For simple test of functionality, one can run the scripts/fullhe-trivial.sh or scripts/prep-trivial.sh, which will run Pencil on MNIST/NN1 for 1 epoch. The logs will be spawned in the corresponding pencil-fullhe/logs or pencil-prep/logs folder.

End-to-end training

train_priv_server.py accepts arguments:

  • -p preset, which may be mnist_aby3, mnist_chameleon, agnews_cnn, cifar10_sphinx, agnews_gpt2, resnet50_classifier which corresponds the six NNs as listed in the paper. There are some other presets, which is listed in model.py function get_model.
  • -n DP noise levels added to the gradients. This corresponds to $\sigma$ in Equation 5 and Table IV.
  • -C estimated gradient bound. This corresponds to $C$ in Equation 5.
  • -o optimizer. Supported are SGD, Adam.
  • -om optimizer momentum. Only available for SGD optimizer.
  • -lr learning rate.

train_priv_client.py accepts arguments:

  • -s how to split the data as different DOes.
    • None: only one DO.
    • p:q (where p and q are integers): (1) take q/p of data as set S and the rest as T; (2) Sort S by labels, T is unchanged; (3) S and T are both sliced into p parts with the same amount of data, and p DOes each take one part from S and T. For example: p=2, q=1 for MNIST with 60000 pictures and 10 labels. There will be two DOes A and B, where A has 15000 pictures only with labels 0~4 and 15000 pictures of all 10 labels, and B has 15000 pictures only with labels 5~9 and 15000 pictures of all 10 labels.
  • -e epochs.

Training cost measuring

Use server_costs.py and client_costs.py for measuring the time and communication cost for training one step for different models. The server_costs.py accepts the preset -p argument like above.

Artifact evaluation scripts

scripts/gen_scripts.py could be used to generate a series of evaluation scripts, which could be used to reproduce the main results presented in the paper. They are all prefixed with prep_ or fullhe_ for the two variations of Pencil. These scripts will generate log files in the corresponding logs/ folder. You could look at the contents of the scripts for further details of how these scripts invoke the underlying python files.

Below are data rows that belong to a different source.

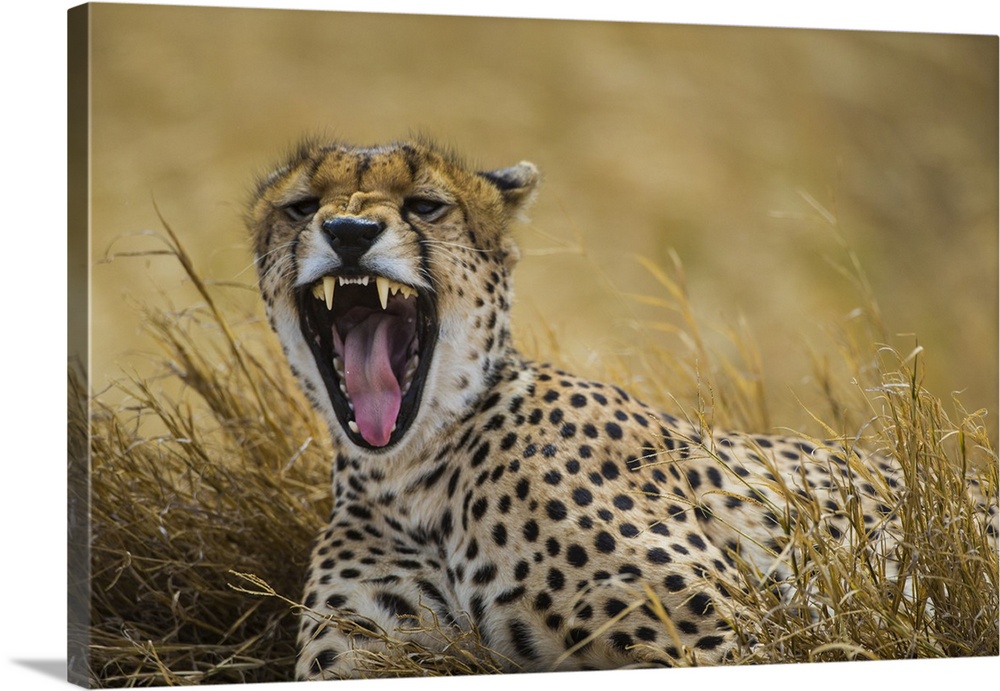 Africa. Tanzania. Cheetah (Acinonyx jubatus)  yawning after a hunt on the plains of the Serengeti in Serengeti NP.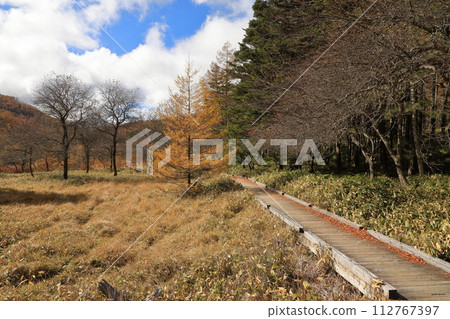 [Fixed price] Autumn scenery of autumn leaves on Mt. Nyukasa (Oabara Wetland) 112767397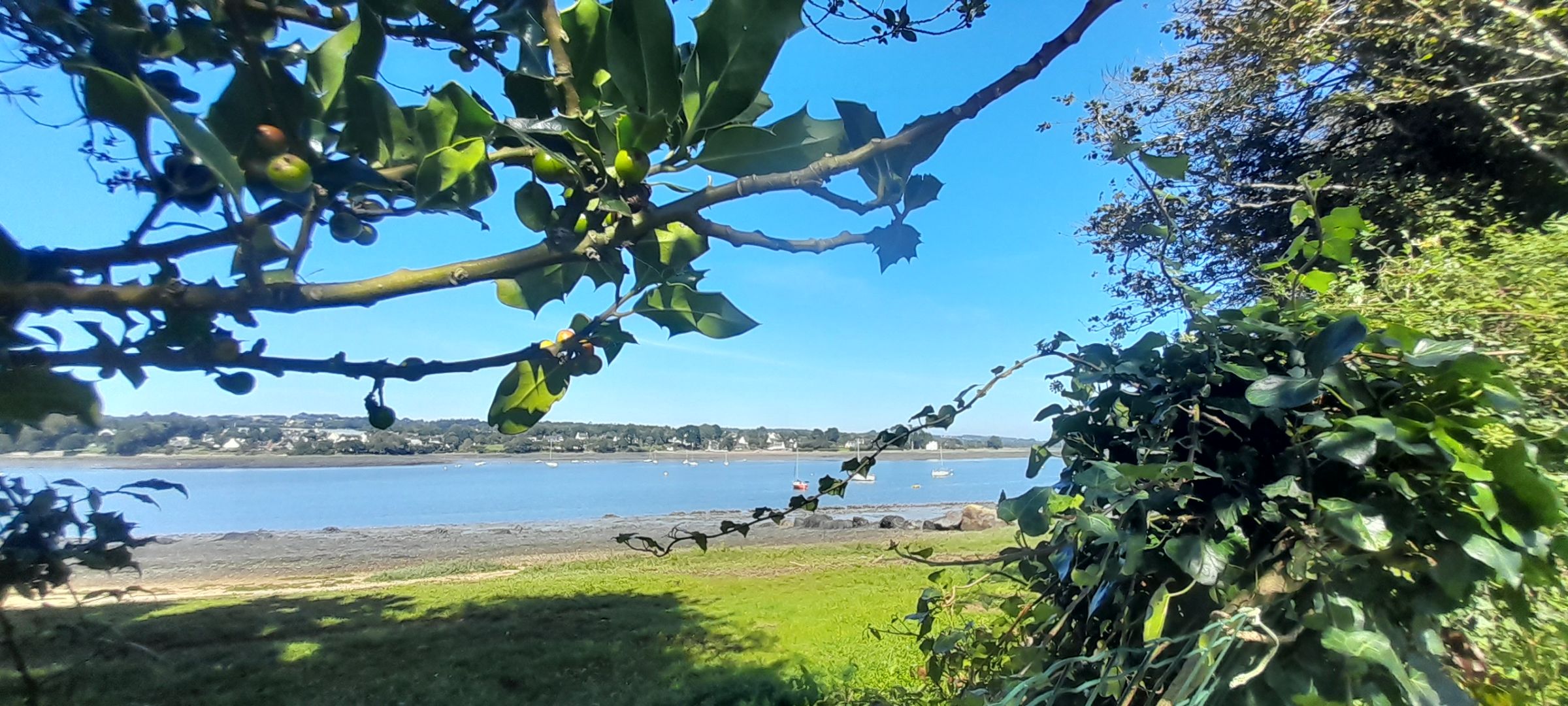 Camping saint jean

  • train_nn*.sh: Training end to end. The client output log contains the accuracy results.
  • costs_nn*.sh: Measure the training cost for one step in the training. The server output log contains step communication and time outputs, and for prep variation also contains preparation time and communication results.
  • dp*_nn*.sh: Training end to end with DP noises added. These results corresponds to Table IV in the paper.
  • hetero_nn*.sh: Train with heterogeneous DOes. These results corresponds to Fig. 2 in the paper.